1. Download CHMLib from http://www.jedrea.com/chmlib/
2. Extract, and change into the chmlib directory.
3. Run ./configure; make; sudo make install
Now the importer should run correctly. You can type:
mdimport -nfd4 file-to-import.chm
To see that the importer is working. I will update this post once I get a chance to figure out how to package a library with xcode.
Hi Matt following your new improved instructions I get a specific problem any ideas…?

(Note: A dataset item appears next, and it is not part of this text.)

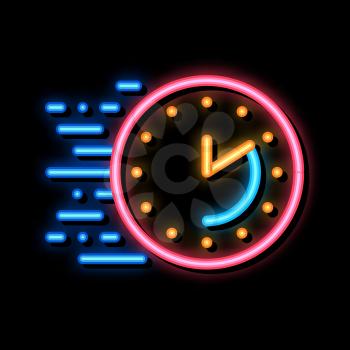 Time Expiration neon light sign vector. Glowing bright icon Time Expiration sign. transparent symbol illustration
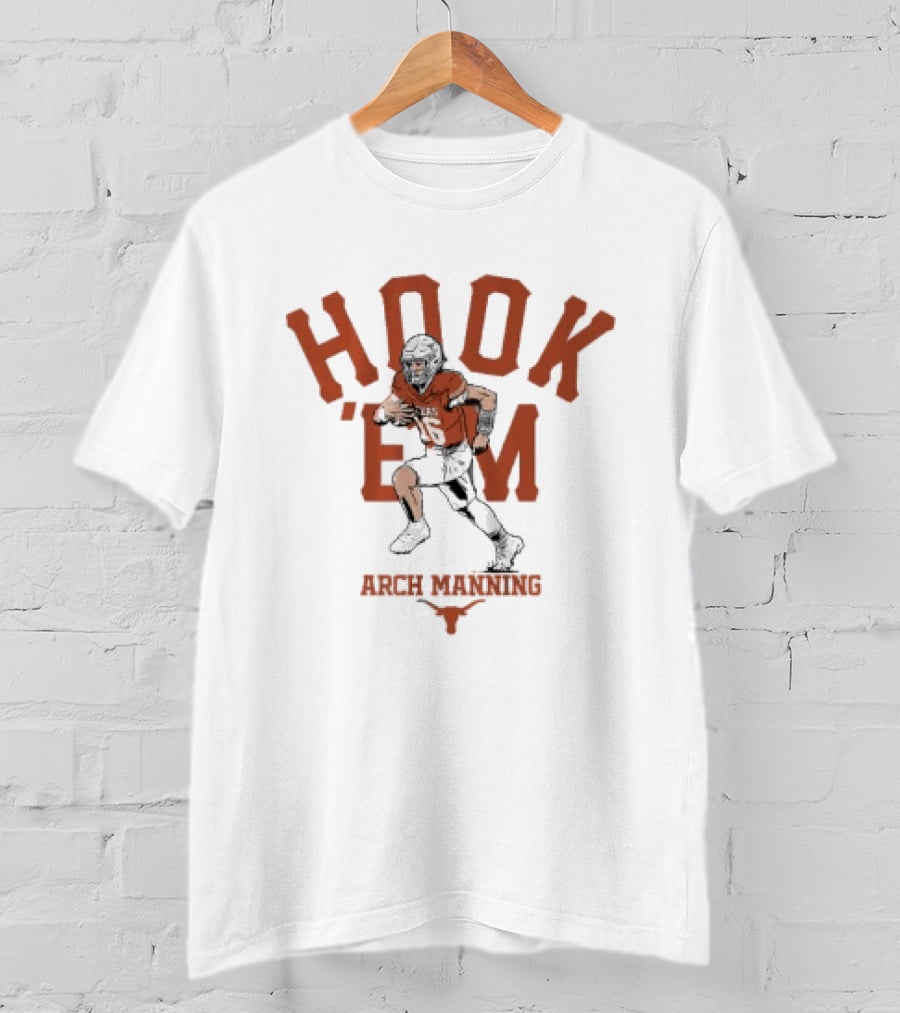 Texas Longhorns Hook 'Em Arch Manning Football T-Shirt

[quote]2007-07-28 17:57:13.065 mdimport[12927] Import ‘/Users/scooby/Downloads/Books/Computer/O’Reilly – Google Hacks.chm’ type ‘org.mattweber.compiled-html’ using ‘file://localhost/Library/Spotlight/CHM%20Metadata%20Importer.mdimporter/’

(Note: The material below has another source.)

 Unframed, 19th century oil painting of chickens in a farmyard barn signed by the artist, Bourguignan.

/Library/Spotlight/CHM Metadata Importer.mdimporter/Contents/SharedSupport/chm/chmlib.py:4: RuntimeWarning: Python C API version mismatch for module _chmlib: This Python has API version 1012, module _chmlib has version 1013.
import _chmlib
/Library/Spotlight/CHM Metadata Importer.mdimporter/Contents/SharedSupport/chm/chm.py:34: RuntimeWarning: Python C API version mismatch for module extra: This Python has API version 1012, module extra has version 1013.
import extra
CHM Metadata Importer could not process file “/Users/scooby/Downloads/Books/Computer/O’Reilly – Google Hacks.chm”[/quote]
This is with Python 2.5.1 and chmlib 0.39 also tried 0.38 to see if that fixed it but no!! ;-(.
Python 2.5
Here is my problem:
Something about Python has API version 1012, module _chmlib has version 1013.
$ mdimport -nf file-to-import.chm sendmail Cookbook (2003).chm
/Library/Spotlight/CHM Metadata Importer.mdimporter/Contents/SharedSupport/chm/chmlib.py:4: RuntimeWarning: Python C API version mismatch for module _chmlib: This Python has API version 1012, module _chmlib has version 1013.
import _chmlib
/Library/Spotlight/CHM Metadata Importer.mdimporter/Contents/SharedSupport/chm/chm.py:34: RuntimeWarning: Python C API version mismatch for module extra: This Python has API version 1012, module extra has version 1013.
import extra
CHM Metadata Importer could not process file “/Users/noel/Desktop/books/Over 1100 General Computer Ebooks/sendmail Cookbook (2003).chm”
Thanks for the heads up guys. I will take a look into this problem as soon as I get a chance. I have just got a new job so I have been extremely busy. Have you tried running this with a python version prior to 5.1?
Thanks again and sorry for the problems,
Matt Weber
Yup also tried with python version 2.4. Same error
Maybe I’ll look at the source, if I find any solution I let you know.
Noel, that’s the same prob. at this end. Any ideas appreciated guys!. Seem to be collecting quite a of these pesky chm books.
.
3 Tools for fixing all of your CHM EBook issues with OSX Tiger or Leopard.
CHMporter
This is a spotlight plug in which adds the contents of your CHM files.
CHMox
A CHM file viewer
quickCHM
A CHM quick look plug in for viewing those EBooks with Cover View.